Page Two: The Path Back to Believing

It only takes a moment for the ordinary to transform

Page Two: The Path Back to Believing

I ain't much of a lover it's true

I'm here then I'm gone

And I'm forever blue

But I'm sure wanting you

– "No Place to Fall," Townes Van Zandt


It doesn't happen much anymore, though it used to all the time – the ongoing steady, expected beat of life ripped to a rising high accompanied by a searing cartoon-like explosion of flame, smoke, dust, and sparks. A moment of meaning – created by listening to a song, watching a dance or movie, looking at a painting, reading a novel or poem or comic book – mushroom clouded inside your head. The ordinary transformed, swiftly moving from black and white into color, until all you saw was awash in flame.

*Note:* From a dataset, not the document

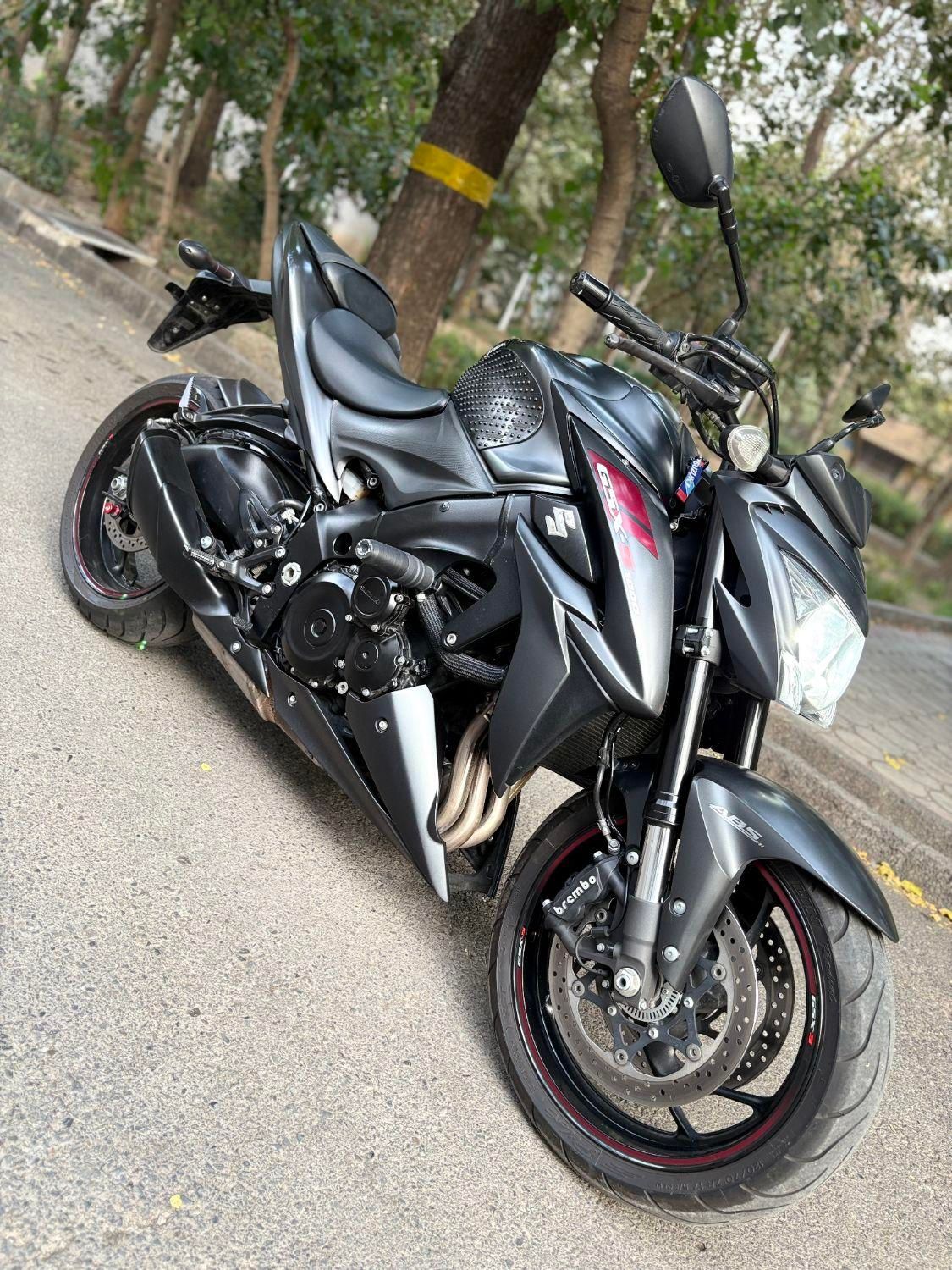 موتور gsxs1000|موتورسیکلت|تهران, علی‌آباد|دیوار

Once that was the way and the beat. Now, so many years and so much life gone by, there is a flatness usually unmarred by the unexpected. Music, once both prayer and the answer to prayer, shrunk into an over-the-counter drugstore salve. Lyrics rich in meaning, evoking memories, now just words.

There were years when the mundane was rare and meaning was often. Living in Florida, I bought John Cale's Paris 1919 at a record store in Coconut Grove.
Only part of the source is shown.